13) On a reading of the said Act and the Rules made thereunder, it
is clear that the position qua “sale” remains exactly the same as
that contained in the 1976 Act, which now stands repealed. This
being the case, we are of the view that the learned Single Judge
13
was absolutely correct in his conclusion that despite the
constitutional amendment having been passed, the definition of
“sale” contained both in the 1976 Act and now in the 2009 Act
would go to show that composite indivisible agreements for supply
of services and food and drinks would not come within the purview
of either enactment, and that this is for the very good reason that
the object for both these enactments is something quite different –
the object being, as has been pointed out above, to standardize
weights and measures for defined goods so that quantities that are
supplied are thus mentioned on the package and that MRPs are
mentioned so that there is one uniform price at which such goods
are sold.
14) Mr.

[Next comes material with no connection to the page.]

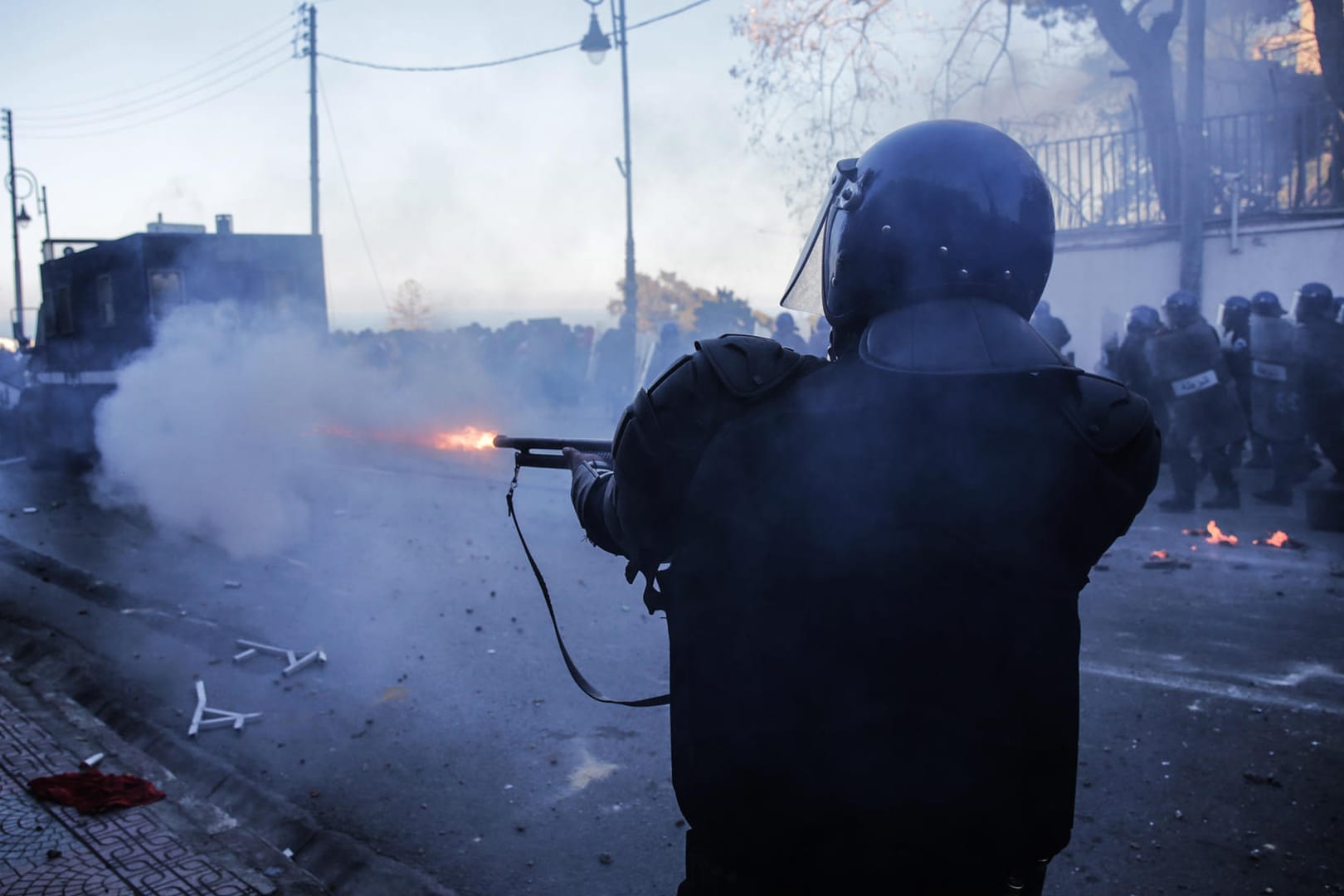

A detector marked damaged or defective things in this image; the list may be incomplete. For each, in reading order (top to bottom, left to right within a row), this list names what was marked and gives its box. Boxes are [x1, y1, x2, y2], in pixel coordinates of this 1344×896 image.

broken plastic chair piece [231, 641, 325, 677]
broken plastic chair piece [189, 679, 261, 736]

Sinha, learned Senior Counsel, however, has argued
before us that given the fact that learned Senior Counsel on behalf
of the appellant had made a concession before the Division Bench,
we should not interfere with the said judgment. It is settled law that
any such concession made on a question relating to jurisdiction to
proceed further, particularly qua criminal prosecutions, does not
bind the party in question. It is of utmost importance for all to know
exactly how they stand in such cases. Also, Mr. Sinha’s reliance
upon Section 2(l) of the 2009 Act read with Rule 3 of the Rules
does not take us very much further. Section 2(l) of the 2009 Act
14
reads as follows:-
“(l) “pre-packaged commodity” means a commodity which
without the purchaser being present is placed in a package of
whatever nature, whether sealed or not, so that the product
contained therein has a pre-determined quantity;”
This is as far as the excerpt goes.